_What is needed:_
The part below that opens with the line containing "So this simple, you" and closes with the line containing "One example where" should be copied exactly, minus any pictures.

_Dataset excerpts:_

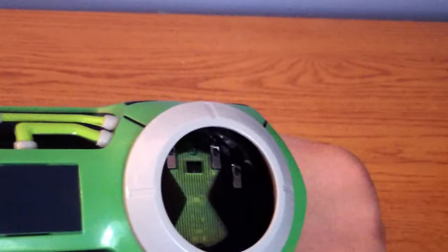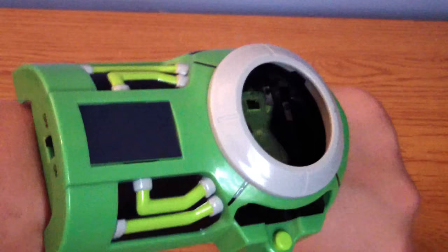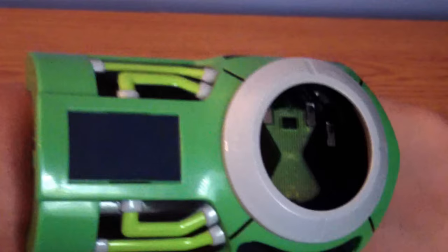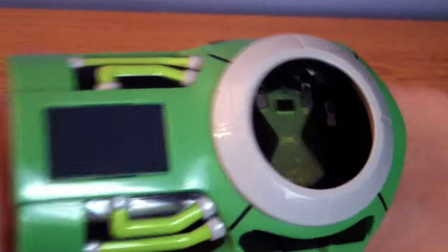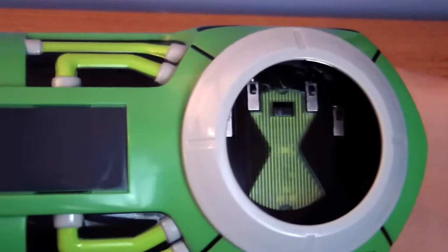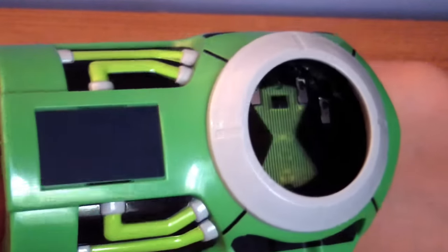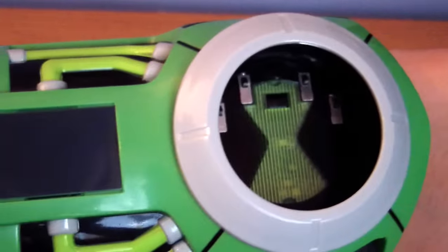Now we're heading to the last Ben 10 watch I have of my collection. And this is the Disc Alien Ultimatrix. And I also have a review for this. You guys can go check it out. Or you can just keep on continuing watching this video.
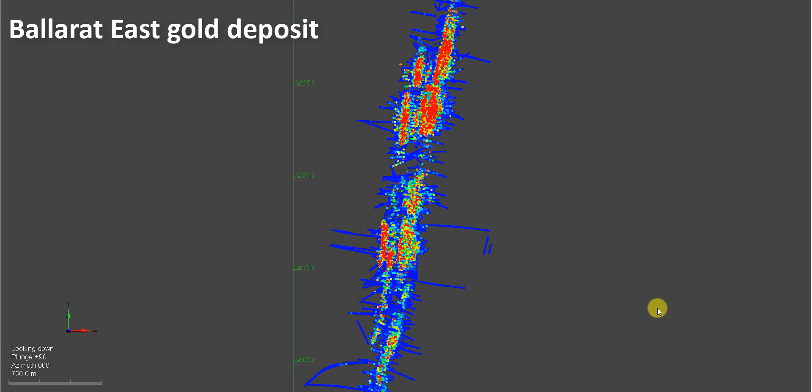This is the Ballarat East Deposit from the Victorian gold fields. Now I just want to compare this. These are just the desurveyed points, the gold data.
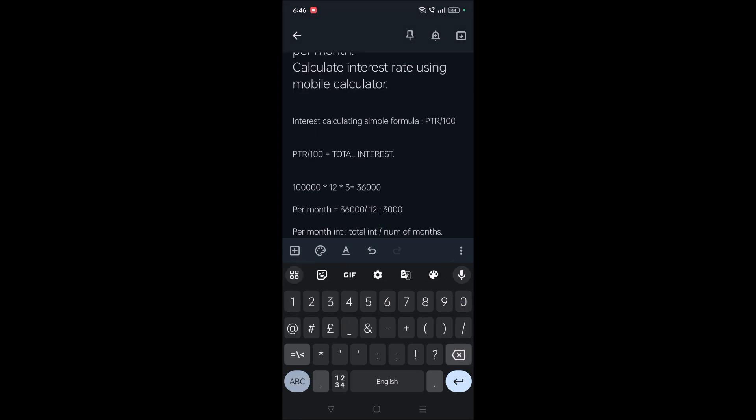So this simple, you can calculate rate of interest per month and the total interest using your mobile calculator. If you like this video, please hit a like and share it to others so that it may be useful to them too. Thanks for watching, have a nice day.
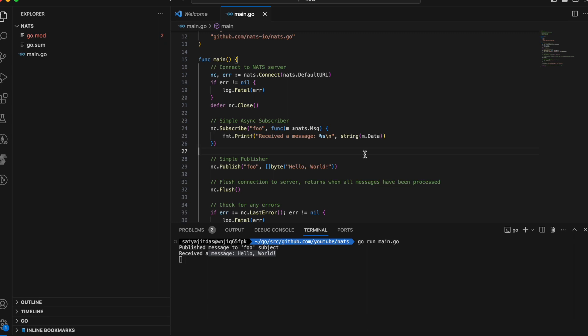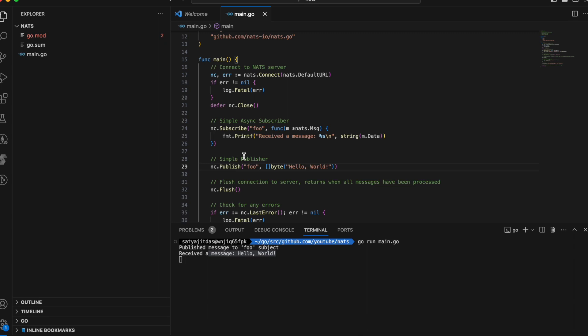One example where this is useful is a traffic system — imagine Google Maps, where you need real-time traffic information. This information can be relayed using a NATS server, and if the relaying fails for a couple of minutes it doesn't matter, because that old data is lost and no longer important. You're only interested in the latest real-time traffic data, so losing some messages while publishing is fine.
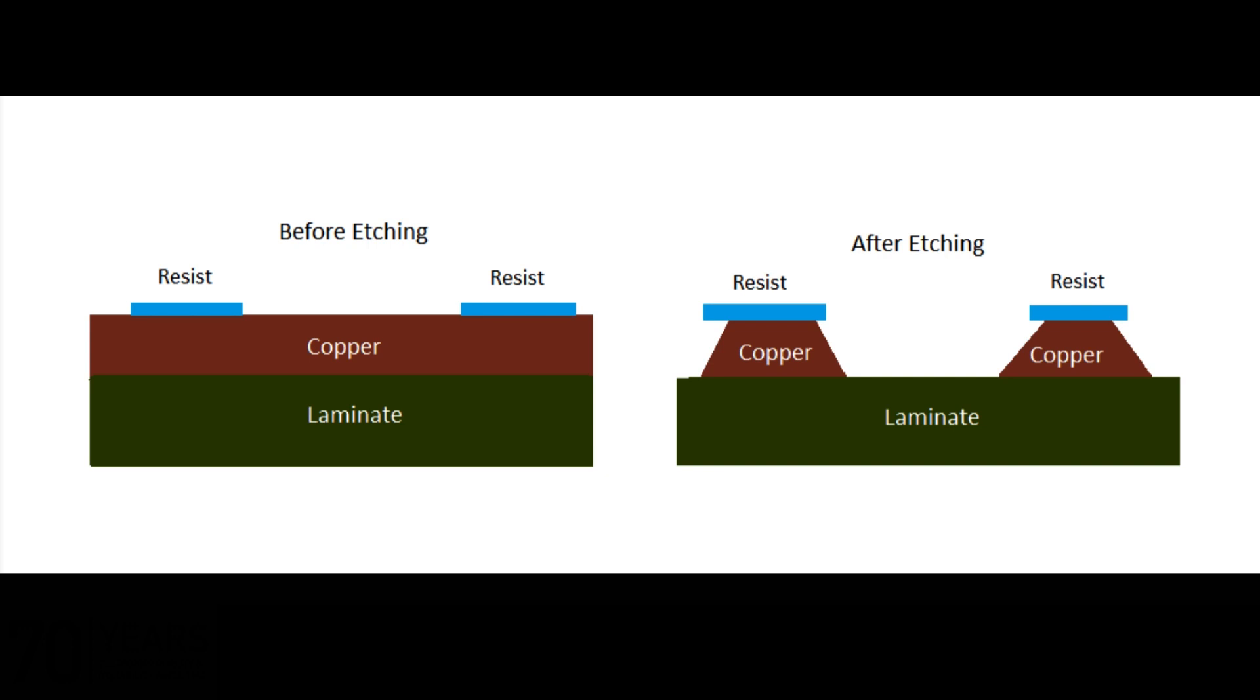Our engineers use empirical data and calculus to determine an appropriate increase to the dry film area. This will effectively compensate for the copper lost during the etching process.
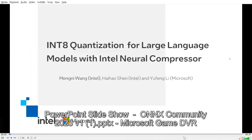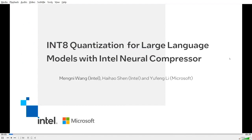Hello everyone, my name is Moni Wang, I'm a software engineer from Intel focusing on Intel Neural Compressor development. Today I'm very glad to take this opportunity to introduce our joint work with Microsoft about neural compression for large language models with Intel Neural Compressor.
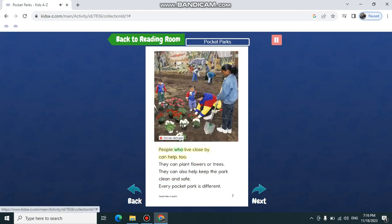People who live close by can help too. They can plant flowers or trees. They can also help keep the park clean and safe.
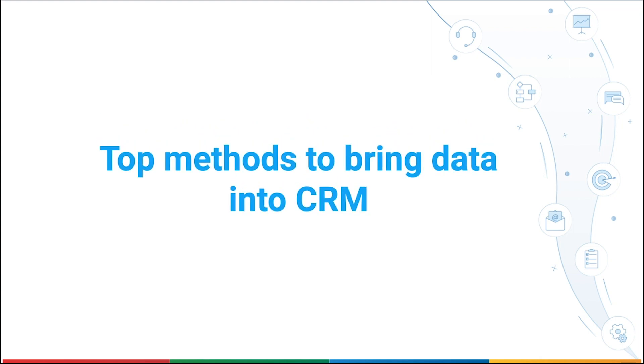Hello everyone. During this video, we'll tell you about the top methods to bring data into your CRM account once it's ready.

_Output below:_
So this simple, you can calculate rate of interest per month and the total interest using your mobile calculator. If you like this video, please hit a like and share it to others so that it may be useful to them too. Thanks for watching, have a nice day.
One example where this is useful is a traffic system — imagine Google Maps, where you need real-time traffic information. This information can be relayed using a NATS server, and if the relaying fails for a couple of minutes it doesn't matter, because that old data is lost and no longer important. You're only interested in the latest real-time traffic data, so losing some messages while publishing is fine.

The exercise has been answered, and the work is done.